Operator Personal Cloud Disruption

Hal Steger : Thinking Out Cloud
Hal Steger
Vice President of Worldwide Marketing at Funambol. 20+ years of marketing & product management experience at high-growth, innovative global software companies.
| This blog is about personal cloud solutions, technology, trends and market developments. Its scope is to comment on and discuss several aspects of personal clouds.

Operator Personal Cloud Disruption

The operator personal cloud imperative has shifted.

The main drivers for operators to have a personal cloud used to be revenue and user retention.

While some operators achieved these, others did not. In simple terms, it was due to a shortfall of users converting from free cloud storage to premium, as there are good free alternatives, coupled with a lack of a compelling reason to upgrade. This resulted in some operators not achieving a critical mass of users that moved the needle on retention. Which users have really thought, I am not switching mobile providers due to my operator cloud? While some Apple users might think of iCloud as a reason to stay Apple, when it comes to an operator cloud, for many people, it is not a first order consideration.

Yet, despite this, prominent operators continue to significantly enhance their personal clouds. Why? Is it a defensive stance such that operators are concerned that if they don’t, Google will be the main repository of their users’ content or are there other reasons?

Some operators that partnered with Dropbox decided it was not to their advantage to continue. This was likely due to the lack of conversion to premium resulting in a dearth of revenue, and if a subscriber became a Dropbox user, user loyalty was to Dropbox. The more an operator relied on Dropbox, the less this helped the operator. But that was yesterday’s news.

The news today is what operator clouds are becoming, and how user behavior, economics and innovation are disrupting them.

People now are more comfortable with the cloud. Although many people still do not understand it, and they still have concerns about privacy and security, there is the belief that more stuff is going into the cloud and this is largely unstoppable, thus, it is okay to put more stuff in it. This is driven by numerous things, among them, people having more mobile devices and using an array of online services. For many people, the situation has changed from what is the cloud to how do I ensure it is safe, it remains private, how do I find my stuff and make sure it doesn’t disappear.

Economics is further disrupting operator clouds. Amazon recently implemented a change where data in its cloud that is not accessed for 30 days automatically moves to storage that costs 1 cent per Gb per month instead of 3+ cents.
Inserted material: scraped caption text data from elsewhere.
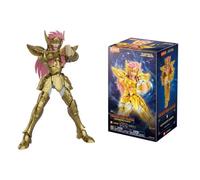 Dickie Action Figure Blokees Saint Seiya Aquarius Camus - Neu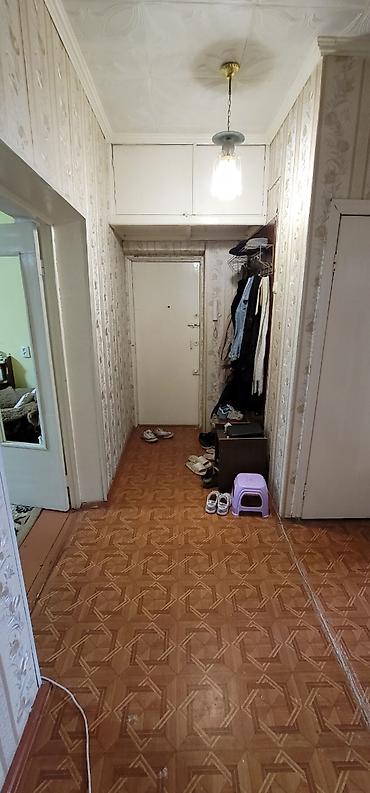 Продажа квартир: 3 комнаты, 69 м², Индивидуалка, 4 этаж, Косметический ремонт — 9
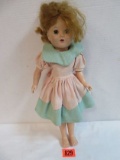 Antique Ideal Shirley Temple Doll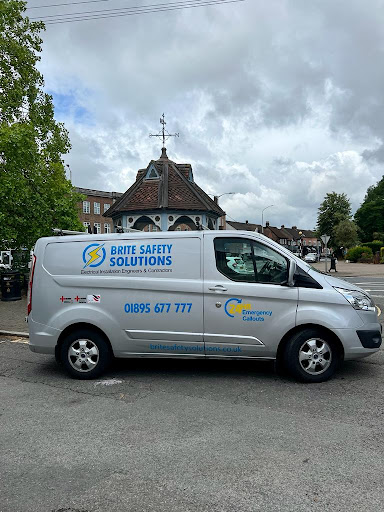 Brite Solutions Electrical Ltd - Thumbnail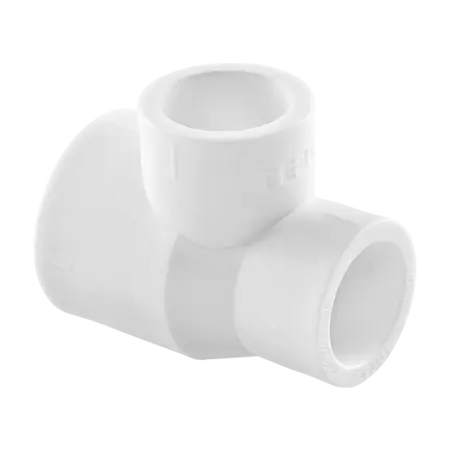 Тройник TEBO PP-R переходной 25х20х25 30043206
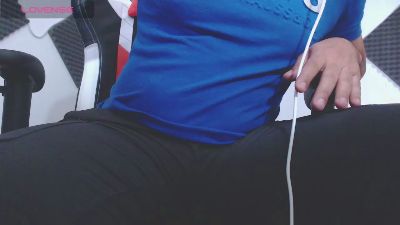 sr_magnux live from Colombia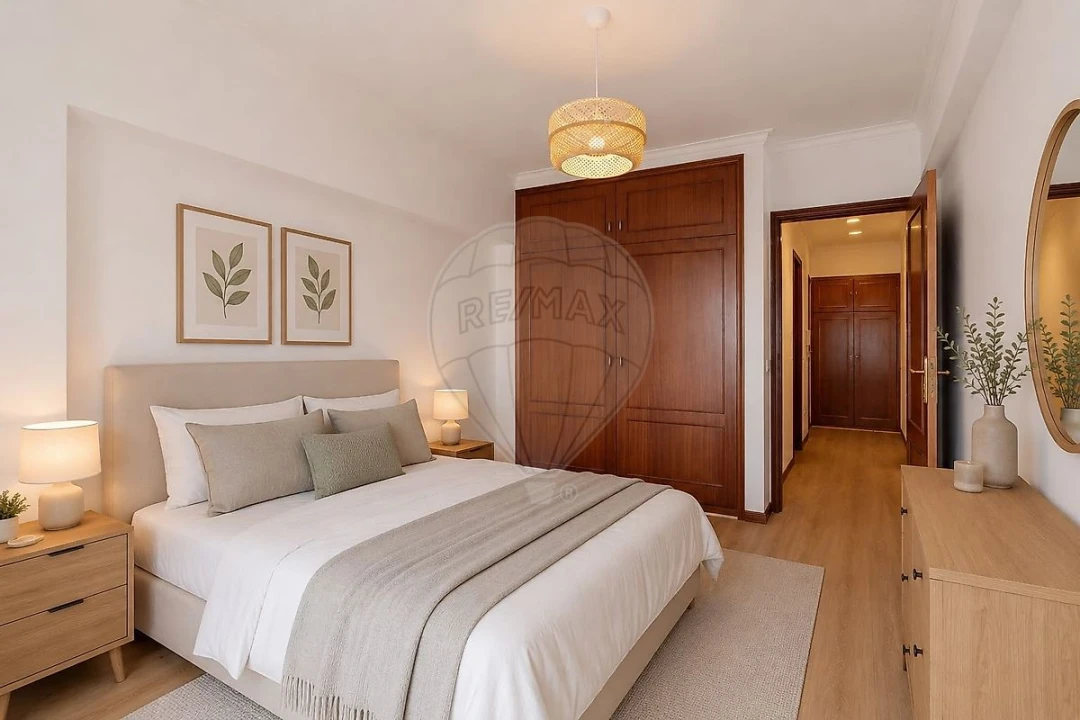 Apartamento T1 para Venda em Pedroso e Seixezelo Foto 17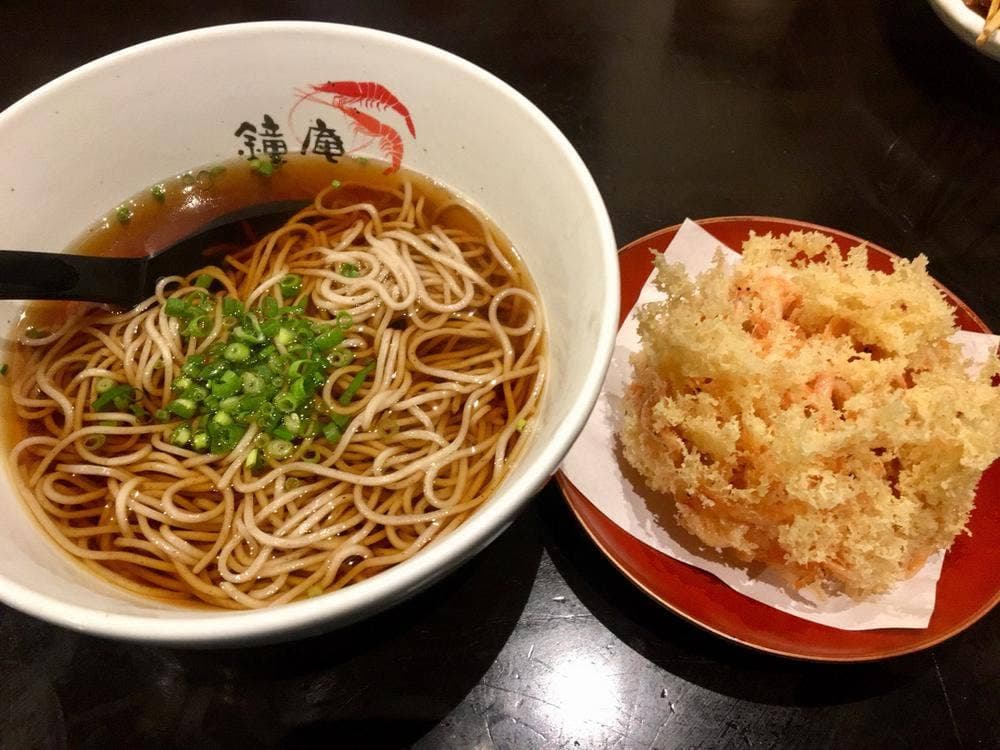 鐘庵 前橋日吉町店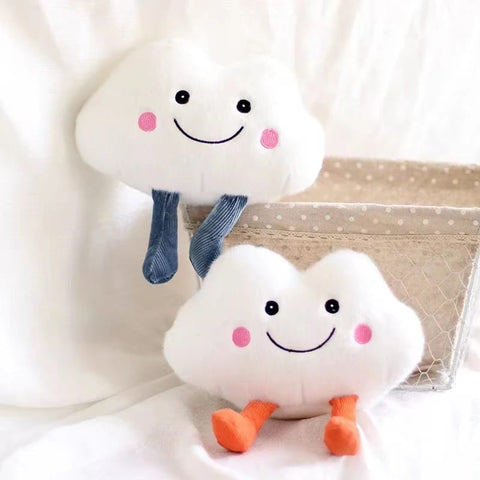 Cute Cloud soft toy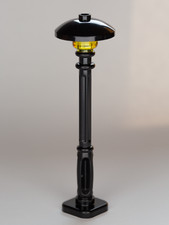 LEGO® MOC Straßenlaterne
This change is transparent. If you think about cloud storage for consumers where people store keepsakes such as photos, videos and files, the vast majority is rarely accessed, which means it can reside on archived storage and the cost is a third. How many businesses see that their operating costs are slashed by two-thirds overnight?

The third thing disrupting operator clouds is innovation. Personal cloud software has changed from smartphone bloatware to be much more entertaining via creative views of personal content and facilitating family interaction. Beyond turning operator clouds from boring backup into engaging services, the clouds are fulfilling another important function for operators, which is to glue together emerging services.
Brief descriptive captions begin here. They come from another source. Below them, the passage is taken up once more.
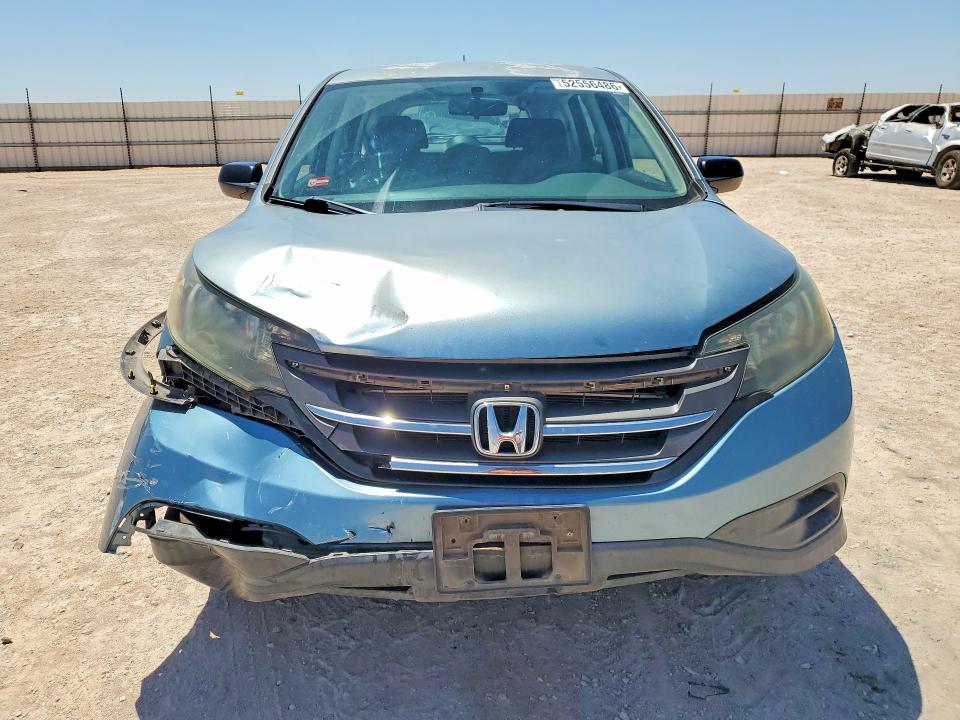Продаж на аукціоні авто 2014 Honda Cr-v, vin: 2HKRM3H39EH523376, номер лоту: 52556486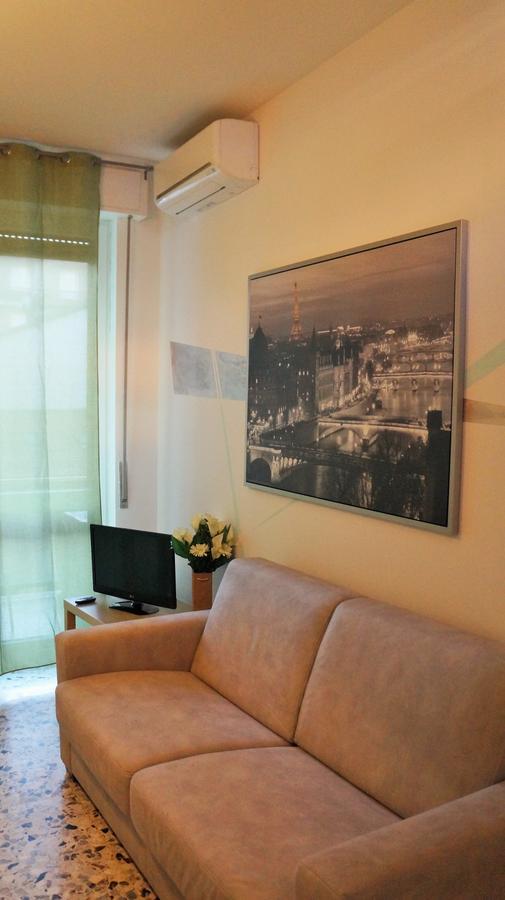 Corallo Appartamenti Bergamo Buitenkant foto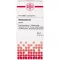 HAMAMELIS D 2 tabletter, 200 stk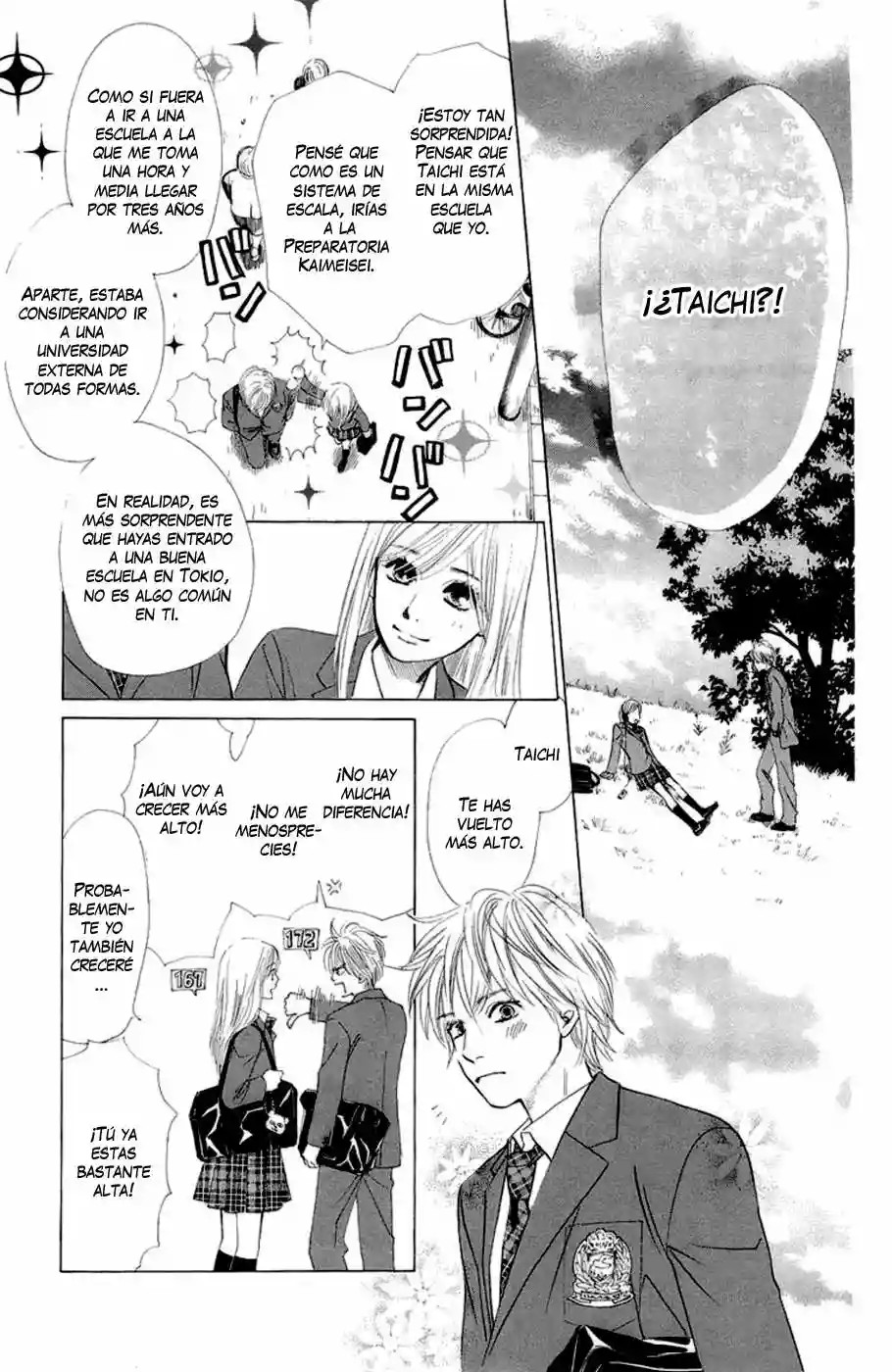 Read Chihayafuru es Manga Online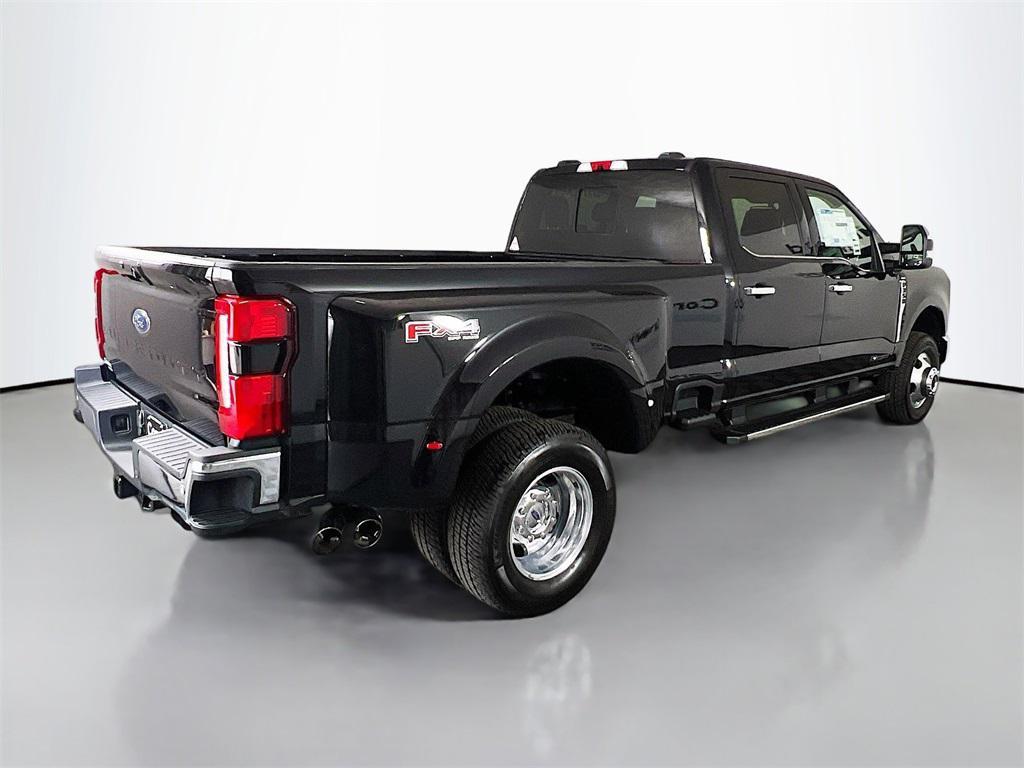 new 2026 Ford F-350 car, priced at $87,755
Operators are getting into new businesses, such as more video content, home security, internet of things and car services. At the same time, operators are seeking to leverage strengths, which is their billing relationship, their status as a trusted entity, and people relying on them for mobile devices, expertise and services. Rather than bombard people with a confusing array of apps, services and content, operators see an opportunity to use their personal cloud to tie together services to simplify mobile lives.

This has shifted the impetus behind operator personal clouds to become a unifying interface that auto-organizes content and presents it in meaningful and engaging ways. This is a far cry from personal clouds that are backup and it is the direction of personal clouds going forward.
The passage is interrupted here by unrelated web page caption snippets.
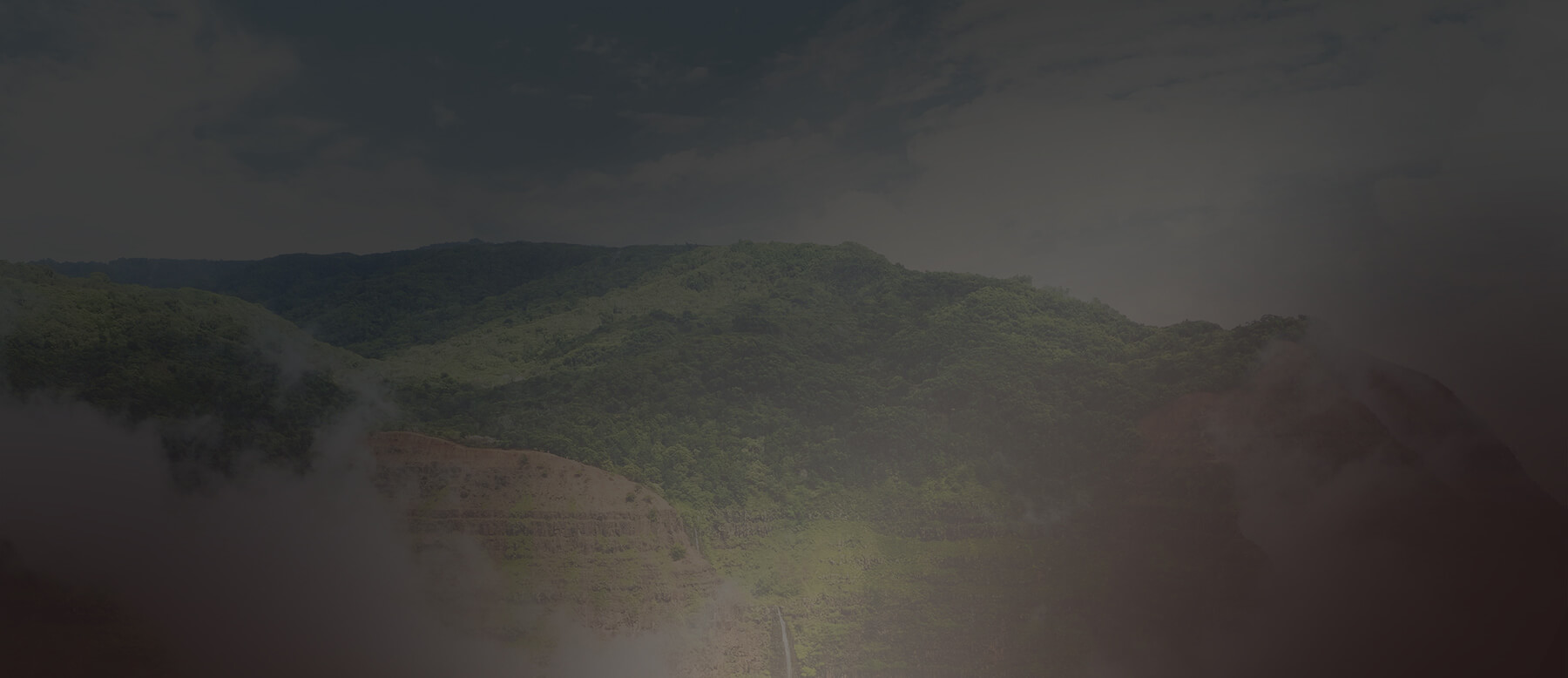 Background Nickel in Uganda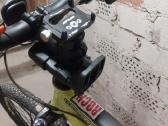 Thule yepp mini - nuotraukos Nr. 6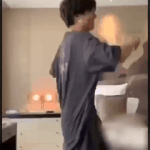 [방탄소년단] 꾹<b>이</b> 두둠칫 짤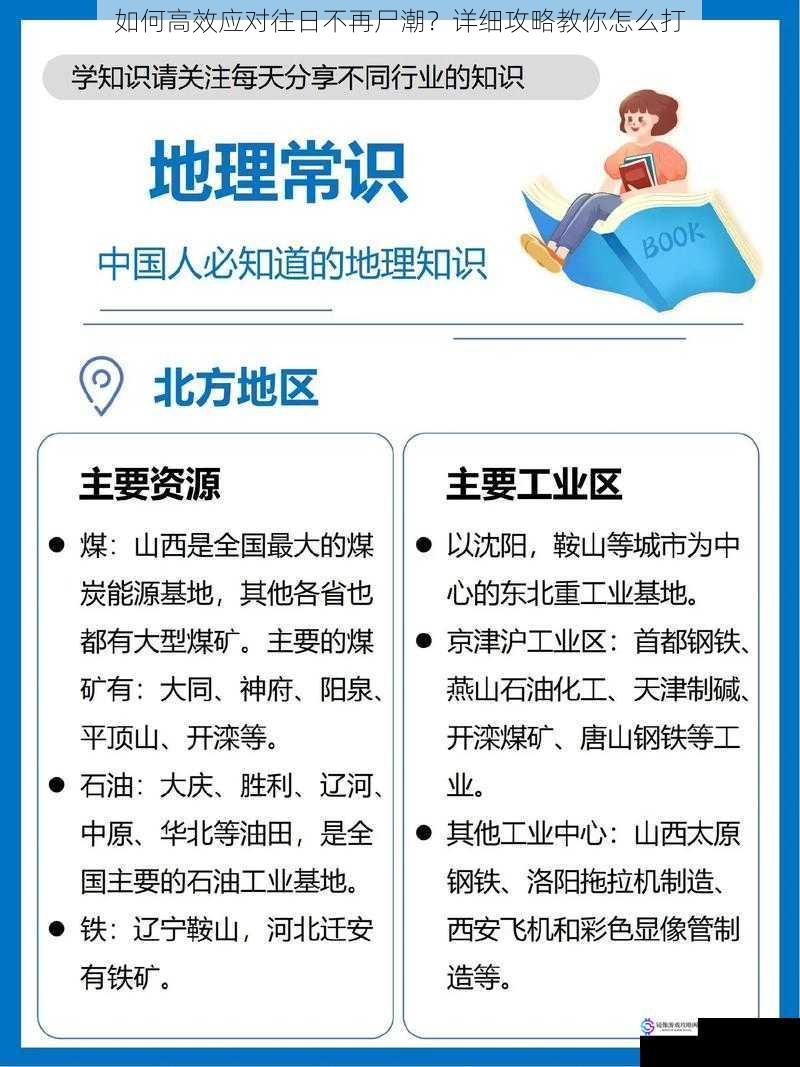 熟悉地图与资源点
The moral for operators is that a) you need a personal cloud service; b) it should not be based on a legacy backup service but it should tie together emerging services and content in an engaging and meaningful way, where the mobile experience is paramount, not a cobbled mash-up; and c) it must leverage the economics of disruptive improvements in cloud infrastructure. If your personal cloud service does not do this, it will be substandard and non-competitive versus over-the-top and other operator cloud alternatives.